## DATASET SECTION
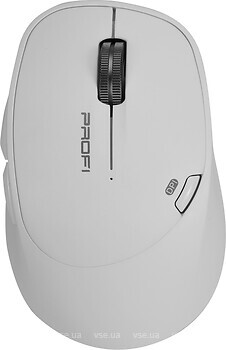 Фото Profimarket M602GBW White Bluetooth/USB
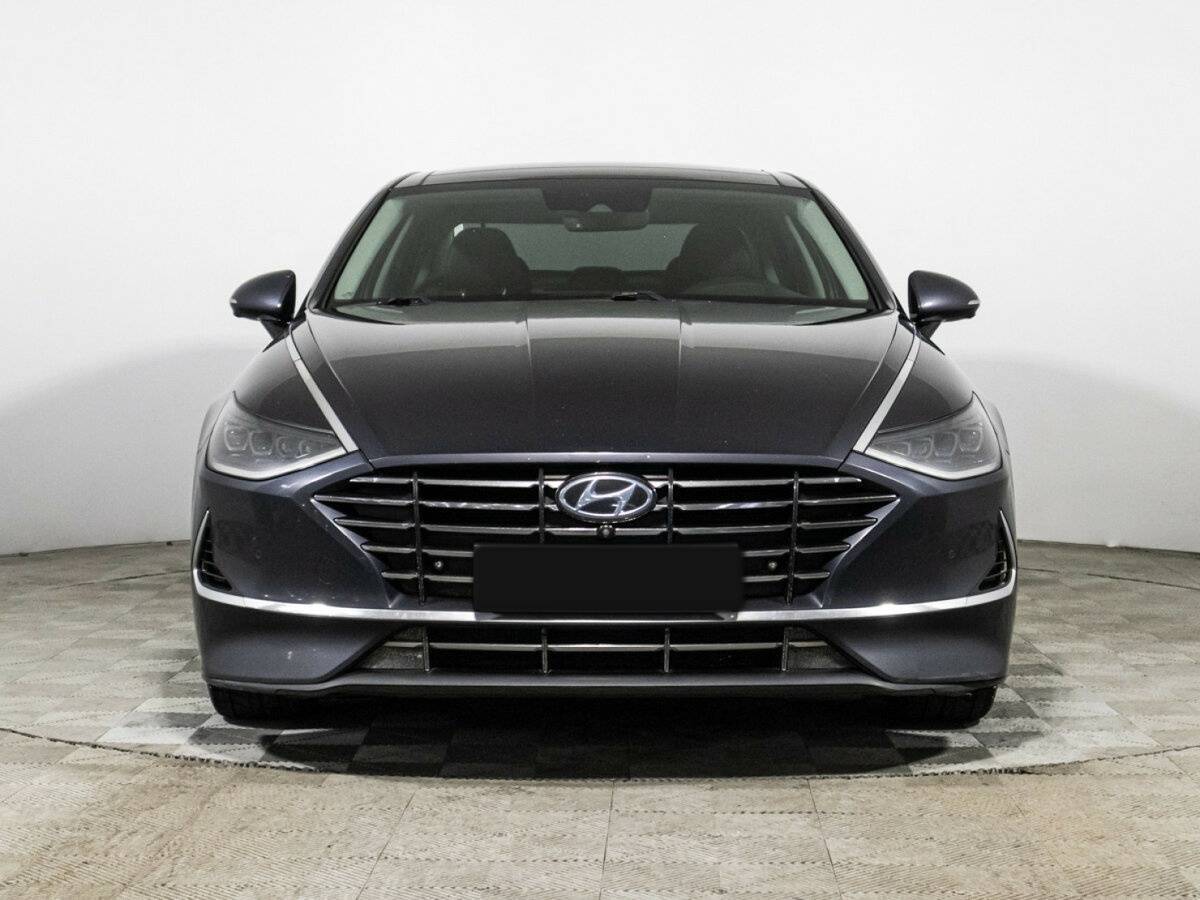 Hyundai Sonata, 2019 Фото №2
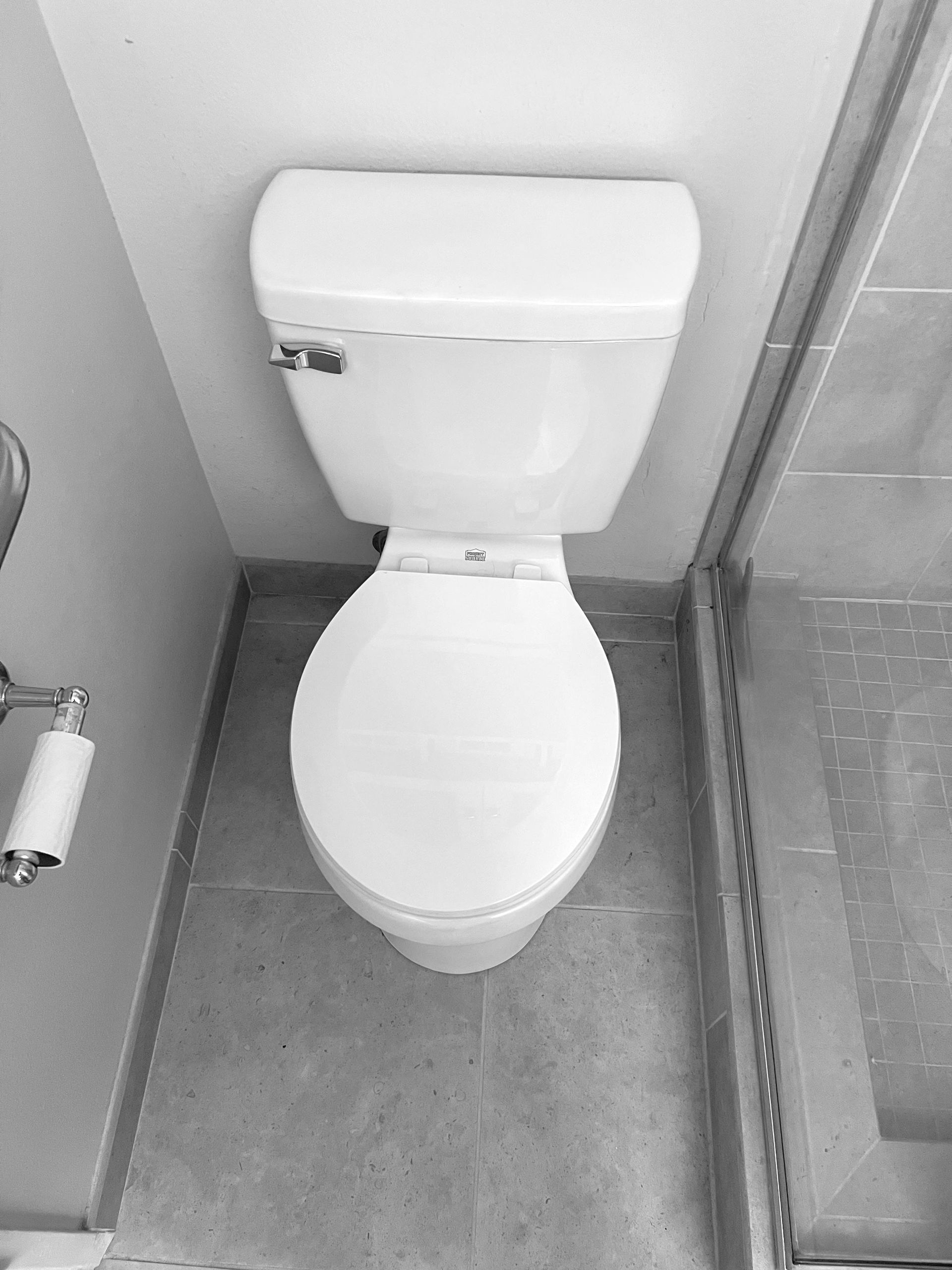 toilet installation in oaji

## WORK ITEM
Having located the line with "Hyundai Sonata, 2019 Фото №2", transcribe exactly and only the lines from it to the final line of the material, skipping the pictures.

## EXERCISE ANSWER
 Hyundai Sonata, 2019 Фото №2
 toilet installation in oaji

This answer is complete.